Data Science Projects: Here's How LONG They Take!

This post may contain paid links to my personal recommendations that help to support the site!

I still remember when I first had the idea to start a data science project of my own and my first thought was: How long would a data science project take me?

I’ve done the research and here’s a summary:

It will take between 2 weeks to 6 months to complete a typical data science project. The project length can vary largely based on the data volume, processing time, and project team size. Therefore, the duration of data science projects may vary according to the resources and needs of the project.

Data science projects usually involve several stages that vary in duration depending on several factors. These factors can typically shorten or lengthen the project overall. Let’s have a look at each stage and how long each of them may take.

What are the Stages of a Data Science Project and How Long Do They Take?

Stage 1. Data Collection

To begin with any data science project, you would have to start collecting some data from various data sources. I’d say that this can potentially be the longest yet most crucial step of your data science project. Because what’s data science without data, right?

Why would the collection take long?
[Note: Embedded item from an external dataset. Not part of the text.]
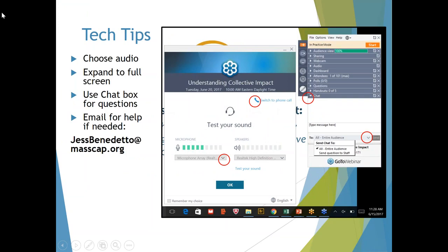Before we get started, we're just going to look over a few tech-related things to make sure we're all on the same page. First, you should have been prompted to choose your audio option — either to use your computer microphone and speakers or to switch to a phone call. If you're using the phone, remember to enter the audio pin you received. If you're using a headset, you might need to click the drop-down menu under microphone and select internal mic. For best viewing, you should expand your screen to full screen using the square box in the top right-hand corner of your webinar window.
That’s because this stage requires a strong understanding of databases and how your data is stored. Depending on the databases you work with, you can be working with flat text files like CSV (Comma Separated Value) files and Microsoft Excel files to relational databases in MySQL. Other common data sources include non-relational MongoDB as well as Web APIs.

These databases require knowledge of a varied data stack, which can be a problem when starting your first data science project. At this stage, data blending and joining through Structure Query Language (SQL) is common. Depending on the skill level of SQL, this process may stretch the duration of your data science project.

Additionally, if the datasets are large (tens of millions of rows), then the process of gathering data might be extended.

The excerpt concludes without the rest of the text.